PA Consultancy, which was charged with delivering parts of the Contactpoint database including its interaction between ICS and the electronic common assessment framework (e-CAF), was the highest paid consultancy, receiving £4.6m.

This is despite Contactpoint being scrapped in August. The consultancy has also worked on the Sure Start children’s centres programme but it is unclear what aspect of its work is received the £4.6m.

Children’s minister Tim Loughton said of Contactpoint in an October parliamentary answer: “Closing down ContactPoint is not about saving money, it is about finding the most proportionate and effective way to help frontline practitioners to protect vulnerable children.

“We have never believed that such a large database, accessible to hundreds of thousands of people, is the most appropriate way to help vulnerable children.”

The accounts show that Atkins Ltd, a management consultancy offering services in improving information sharing between government departments, was paid £2.1m by the DfE. Tribal Consulting was paid almost £900,000, including monies paid for the contract to challenge and support children’s cancelled following the change in government.

Methods Consulting, which is helping deliver the vetting and barring scheme currently on hold while a review is carried out, received £247,000 over the five months.

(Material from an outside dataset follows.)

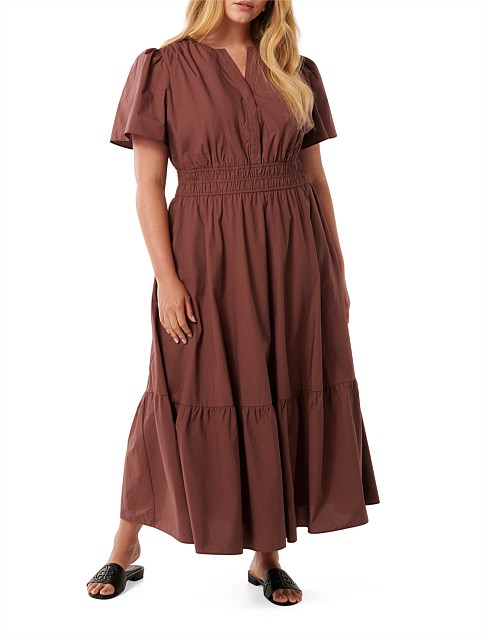 ELEANOR CURVE PUFF SLEEVES TIERED MIDI DRESS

A spokesperson for PA Consulting said the company was unable to comment due to client confidentiality. Other consultancies did not comment before we went to press.

Unison said outsourcing more services would lead to less transparency.

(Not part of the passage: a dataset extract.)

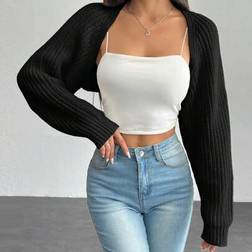 Shein Ballettcore Gerippte Strick Raglanarm Bolero Crop Strickjacke - Trägertop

“It’s all very well for the government to publish these figures but if we can’t get any more information about how the money is being spent by these contractors then it’s like knowing a lot about nothing,” a spokesperson said.

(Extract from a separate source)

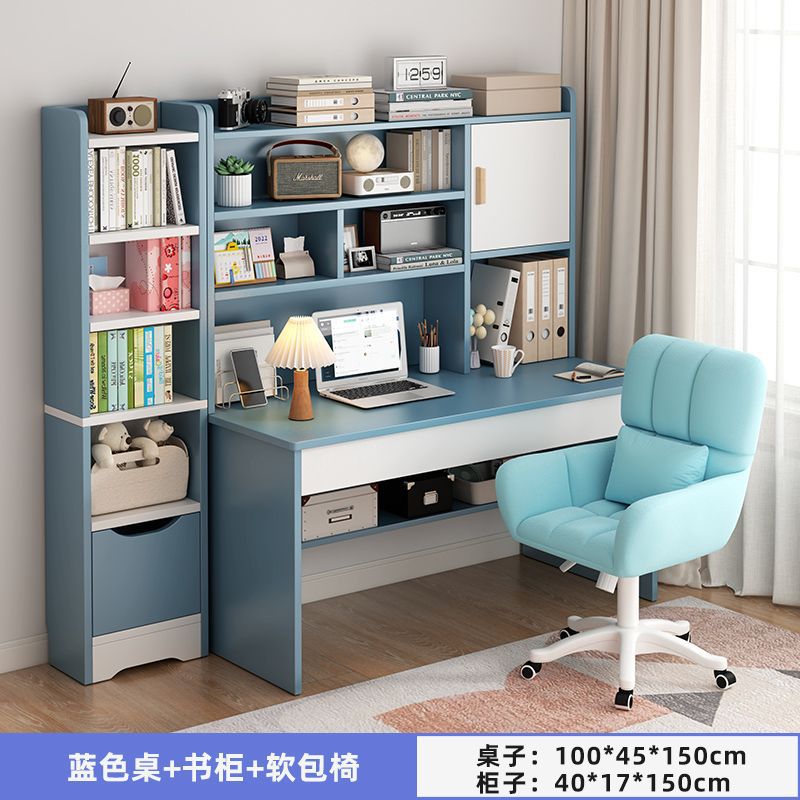 Picture of Student home study desk, children's desk, bookshelf combination table and chair set, simple bedroom, children's writing desk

Five firms cash in to the tune of half a milion

The Department of Health’s social care directorate spent almost half a million pounds on management consultancies and events organisers from May to September this year, government accounts reveal.

Over £300,000 was spent on four consultancy firms, the bulk of which (almost £220,000) went to SQW Consulting, to fund the national evaluation of the common assessment framework demonstrator sites, which are testing systems to improve health and social care information sharing.

The other three were:-

  • UUTech, which received £50,000 to develop a toolkit for care home managers and staff to improve dementia care.
  • Whole Systems Partnership, which received £27,700 to develop a web tool to help health and social care commissioners make decisions about disinvesting and reinvesting in dementia services to improve outcomes.
  • White Consultants Ltd, which received £21,800 to provide programme management across the DH social care directorate’s carers and transforming adult social care teams.

The directorate also paid conference organisers Centrevents Ltd £170,375 for it to support the National Forum for People with Learning Disabilities and its nine regional forums. The forums are designed to help people with learning disabilities influence policy and services.